In IVD_Sequences.txt, each line corresponds to an Ideographic Variation Sequence and there are three fields per line:

field 1: the code points of the base character and the variation selector, separated by a space
field 2: the identifier of the collection under which the sequence is registered
field 3: the identifier of the sequence, provided by the registrant; this identifier must match the regular expression for the collection

The identifiers for collections and sequences are character strings starting with one of 'A'..'Z', 'a'..'z', and continuing with one of 'A'..'Z', 'a'..'z', '0'..'9', '_' ,'-','+'. The use of '-' and '+' in identifiers is allowed for the purpose of backwards compatibility with existing registrations. Unique programmatic identifiers can be generated from these identifiers by one of two means: 1) folding '-' and '+' into '_', or 2) removing them altogether. The regular expressions for identifiers conform to Perl 5.8 regular expressions [Perl].

4 Registration Procedure

The Ideographic Variation Database is populated by submitting registration requests to a registration authority. The first step is to register a collection. After this is done, individual glyphic subsets can be registered in the context of that collection.

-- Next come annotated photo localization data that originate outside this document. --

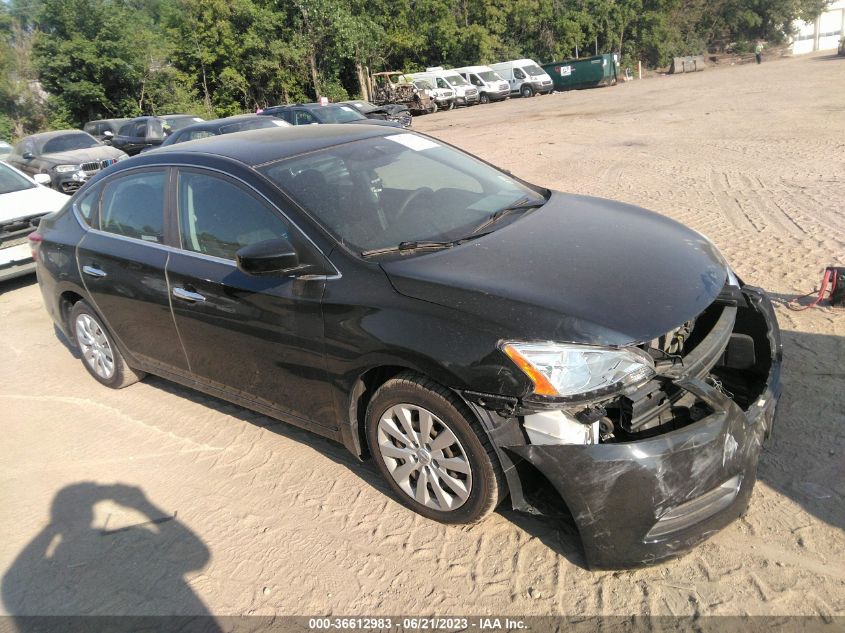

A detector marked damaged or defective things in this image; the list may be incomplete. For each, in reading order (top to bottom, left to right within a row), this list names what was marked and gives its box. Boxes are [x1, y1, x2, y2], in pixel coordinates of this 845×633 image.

damaged front bumper [468, 286, 780, 568]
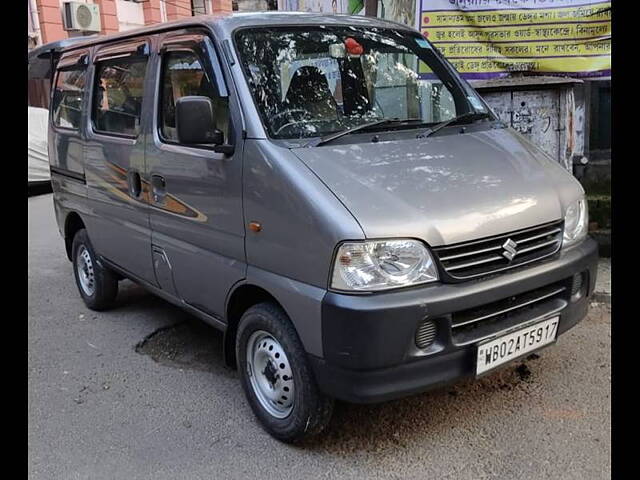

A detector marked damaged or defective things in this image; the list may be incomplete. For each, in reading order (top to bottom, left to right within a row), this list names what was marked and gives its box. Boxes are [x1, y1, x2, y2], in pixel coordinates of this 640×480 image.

pothole in road [135, 320, 235, 376]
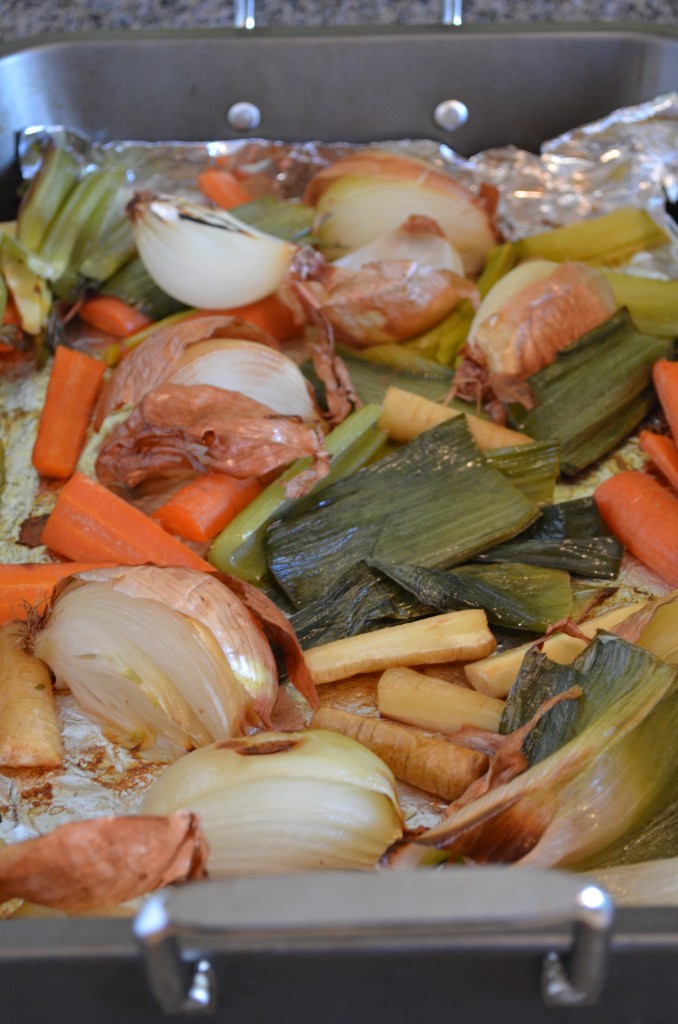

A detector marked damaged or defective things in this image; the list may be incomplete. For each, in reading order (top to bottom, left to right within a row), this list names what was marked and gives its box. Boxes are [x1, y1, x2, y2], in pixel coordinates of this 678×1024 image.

charred leek edge [16, 144, 80, 256]
charred leek edge [31, 169, 123, 284]
charred leek edge [228, 192, 313, 240]
charred leek edge [516, 203, 667, 266]
charred leek edge [0, 234, 51, 333]
charred leek edge [98, 253, 183, 317]
charred leek edge [602, 270, 678, 337]
charred leek edge [378, 385, 532, 448]
charred leek edge [507, 305, 671, 477]
charred leek edge [206, 405, 387, 585]
charred leek edge [268, 413, 540, 610]
charred leek edge [485, 438, 561, 505]
charred leek edge [477, 497, 626, 581]
charred leek edge [288, 561, 428, 647]
charred leek edge [305, 606, 497, 688]
charred leek edge [376, 557, 573, 634]
charred leek edge [464, 602, 647, 700]
charred leek edge [378, 663, 507, 737]
charred leek edge [311, 708, 491, 802]
charred leek edge [421, 630, 678, 872]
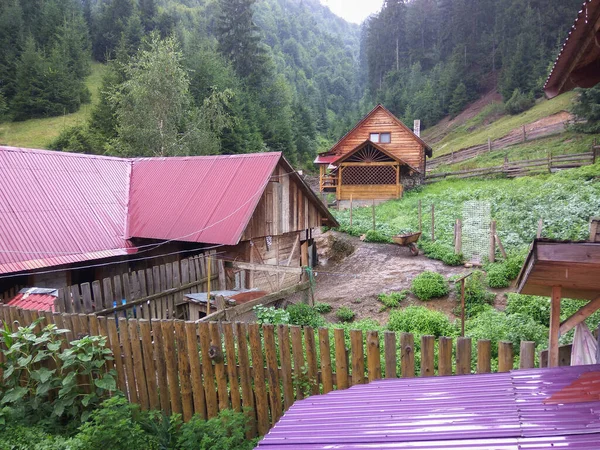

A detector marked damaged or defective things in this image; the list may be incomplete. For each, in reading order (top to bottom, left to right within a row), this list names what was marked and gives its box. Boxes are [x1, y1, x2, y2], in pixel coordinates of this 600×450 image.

rusty roof panel [127, 154, 282, 246]
rusty roof panel [258, 366, 600, 446]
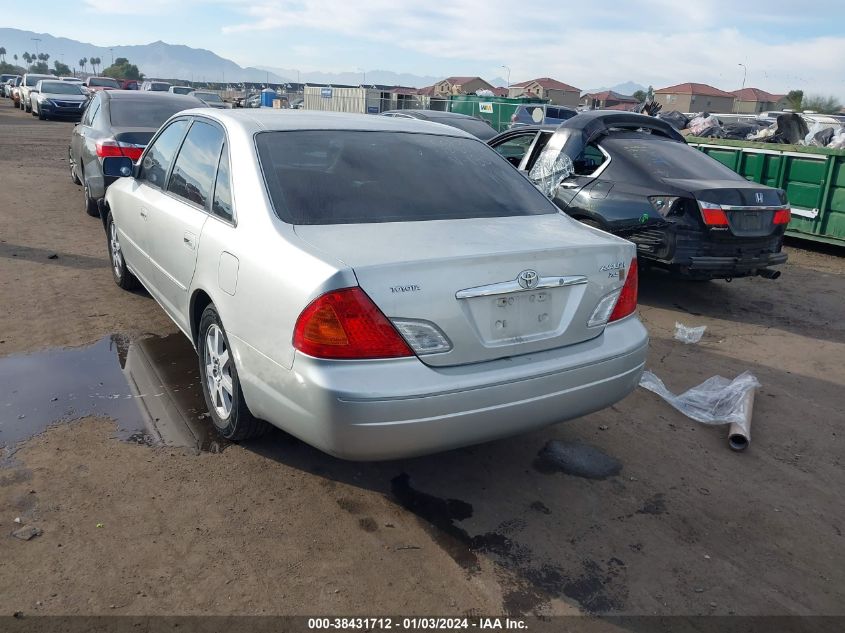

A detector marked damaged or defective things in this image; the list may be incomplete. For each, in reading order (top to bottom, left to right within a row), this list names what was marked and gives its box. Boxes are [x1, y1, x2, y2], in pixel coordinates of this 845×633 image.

damaged vehicle [100, 110, 648, 460]
damaged vehicle [488, 111, 792, 278]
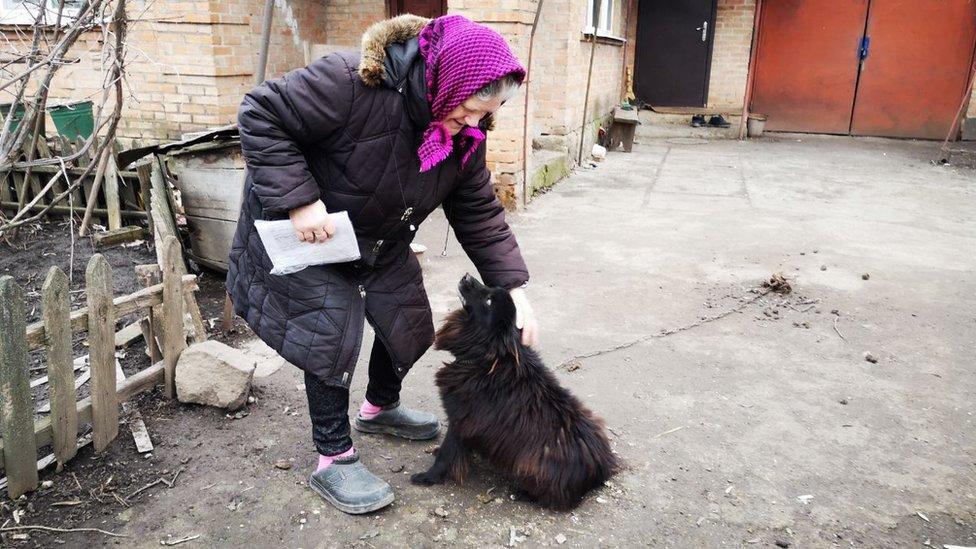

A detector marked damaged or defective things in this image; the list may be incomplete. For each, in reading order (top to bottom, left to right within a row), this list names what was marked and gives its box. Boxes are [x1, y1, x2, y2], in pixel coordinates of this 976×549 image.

rusted metal sheet [748, 0, 868, 134]
rusted metal sheet [848, 0, 976, 139]
broken fence plank [0, 274, 39, 496]
broken fence plank [42, 266, 78, 466]
broken fence plank [0, 362, 164, 464]
broken fence plank [86, 255, 118, 452]
broken fence plank [24, 274, 198, 352]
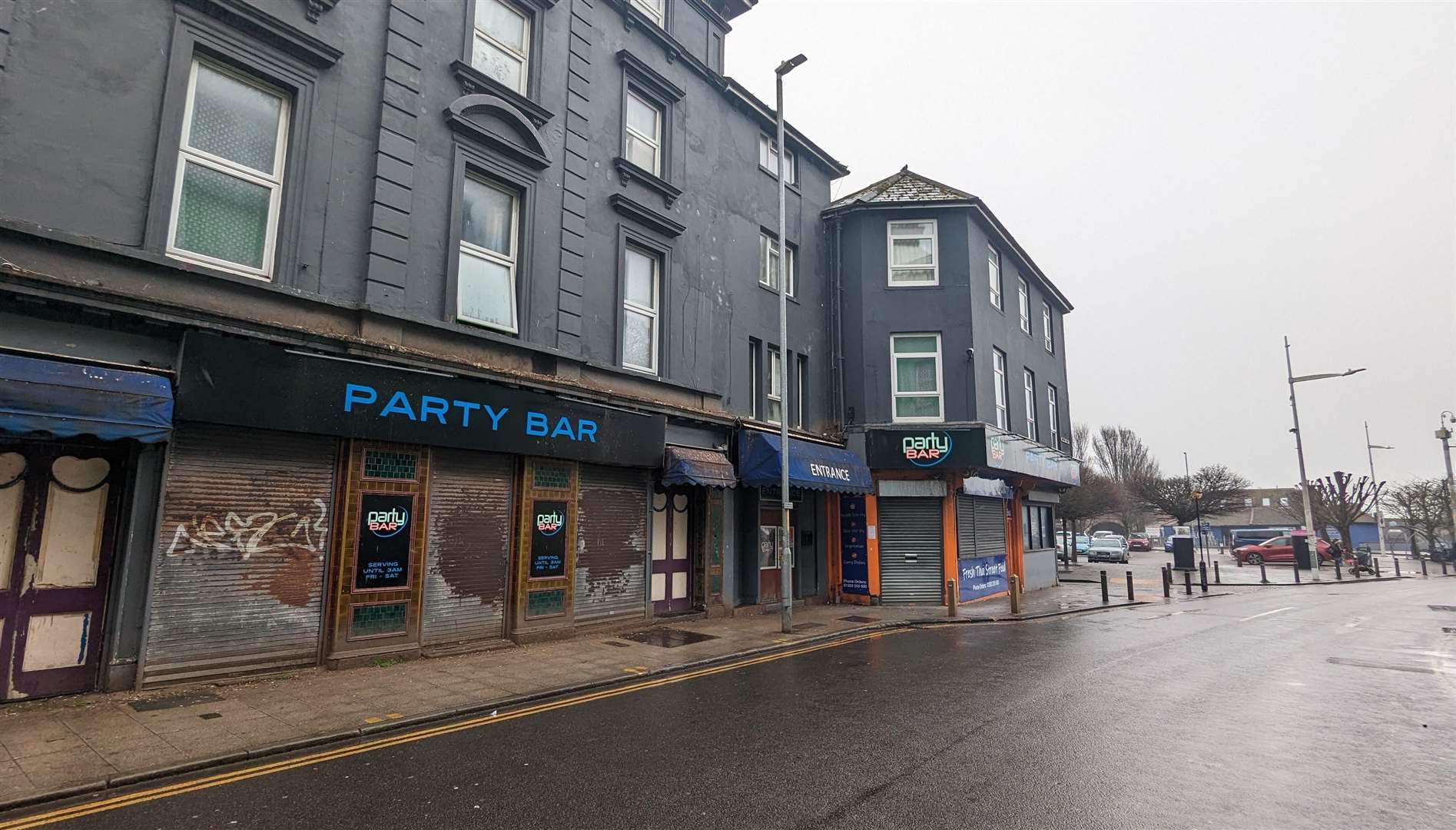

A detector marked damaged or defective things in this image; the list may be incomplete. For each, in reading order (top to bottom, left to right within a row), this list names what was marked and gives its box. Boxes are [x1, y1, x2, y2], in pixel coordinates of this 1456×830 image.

rusty shutter [142, 422, 334, 681]
rusty shutter [422, 445, 512, 646]
rusty shutter [573, 463, 649, 617]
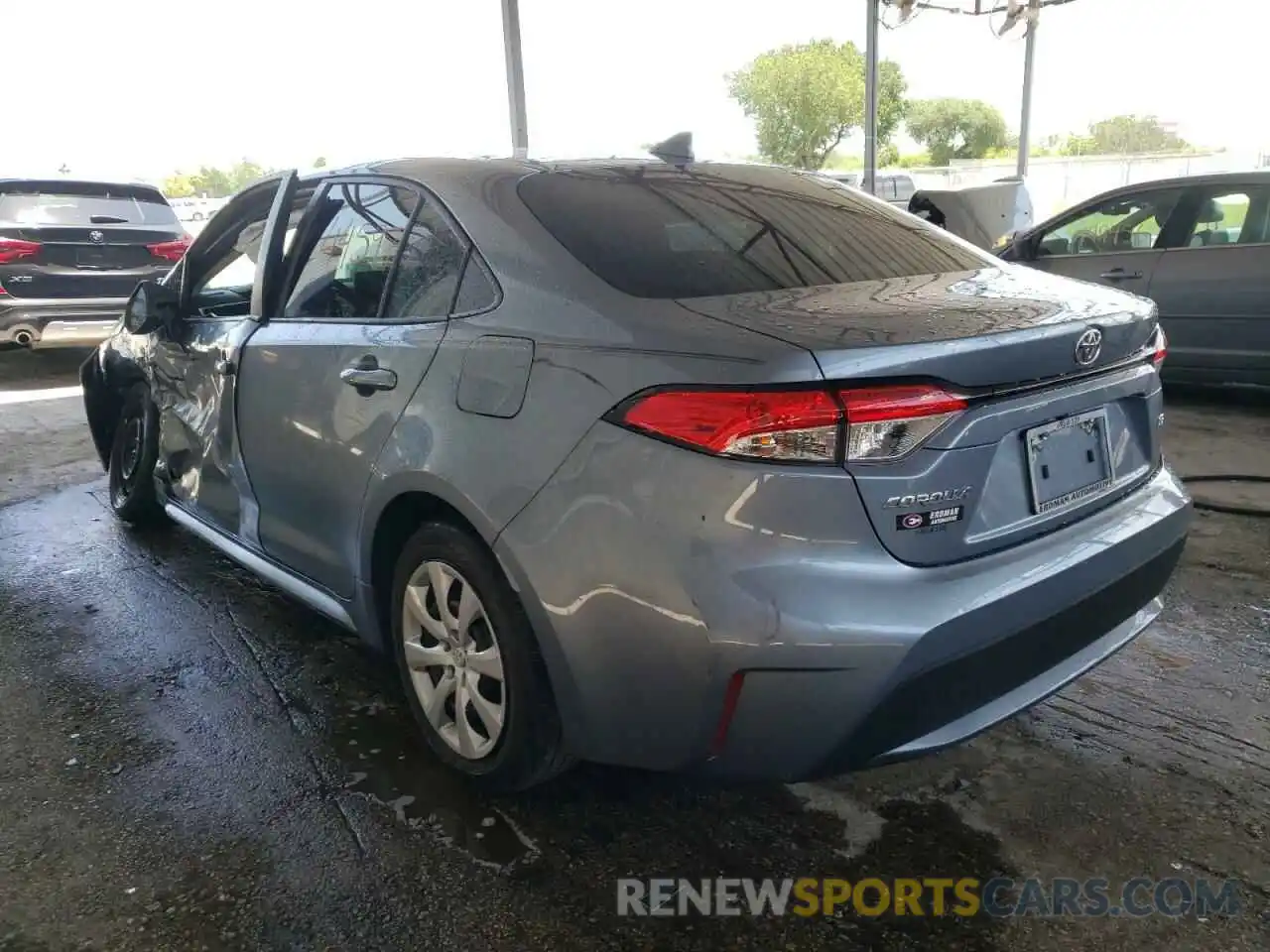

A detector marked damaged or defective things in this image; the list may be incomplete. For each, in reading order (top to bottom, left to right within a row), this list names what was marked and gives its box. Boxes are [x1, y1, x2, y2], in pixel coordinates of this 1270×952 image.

damaged toyota corolla [79, 157, 1191, 793]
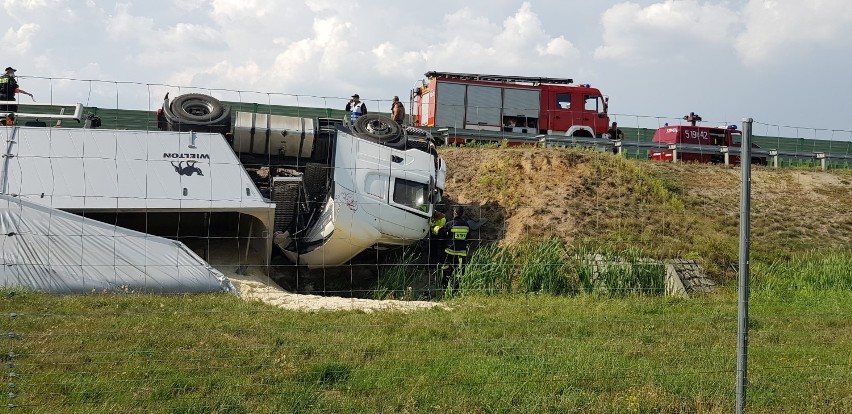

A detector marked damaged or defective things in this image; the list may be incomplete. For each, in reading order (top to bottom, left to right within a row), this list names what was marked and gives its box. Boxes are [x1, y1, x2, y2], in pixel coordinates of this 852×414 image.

overturned white truck [156, 93, 446, 268]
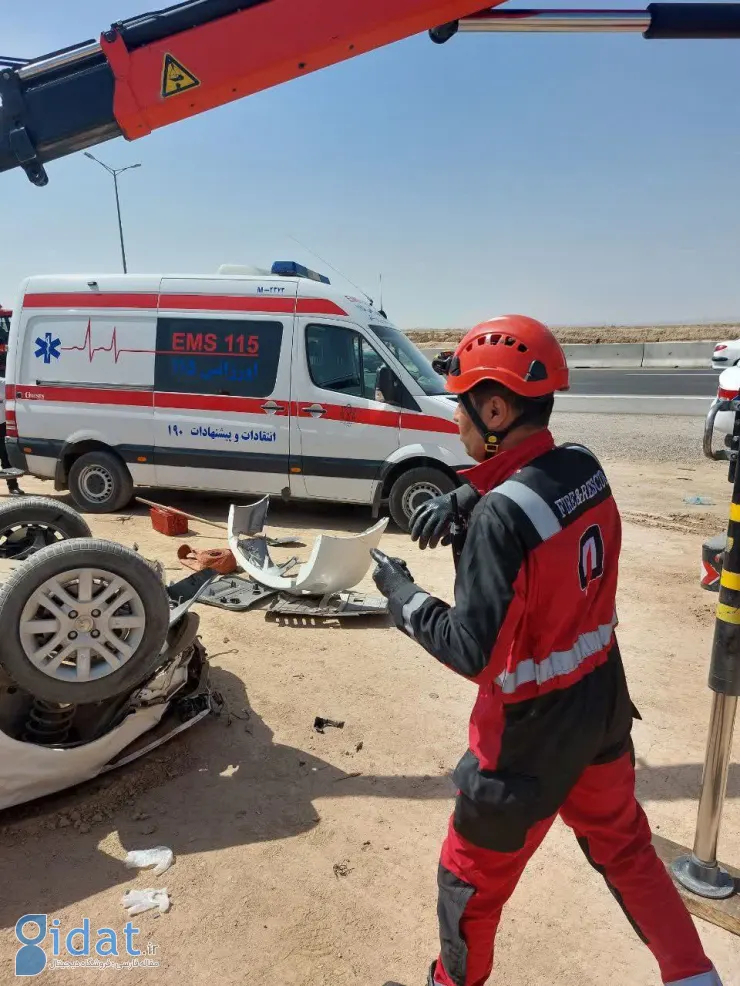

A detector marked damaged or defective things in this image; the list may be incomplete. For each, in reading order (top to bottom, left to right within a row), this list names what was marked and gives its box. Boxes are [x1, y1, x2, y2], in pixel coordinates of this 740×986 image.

overturned white car [0, 492, 212, 808]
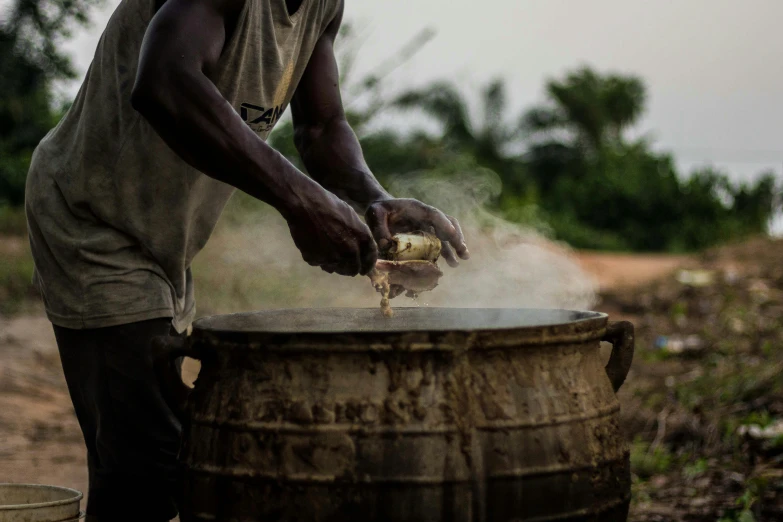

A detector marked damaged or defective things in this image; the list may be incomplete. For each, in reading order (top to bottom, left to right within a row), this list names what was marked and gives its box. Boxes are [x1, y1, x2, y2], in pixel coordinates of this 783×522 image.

4.1 Registration of a Collection

The registrant must first create a web page describing the intent of the collection, its principles, and any other data that may be useful for users of the collection.

Once the appropriate page is online, the intent to register the collection must be announced publicly in a manner designated by the registrar and sent to the general Unicode e-mail distribution list [DistList]. This announcement must include the URL of the page(s) describing the proposed collection. This starts a review period of at least 90 days, during which comments and questions about the collection can be submitted to the registrant. The registrant should respond to these comments and questions.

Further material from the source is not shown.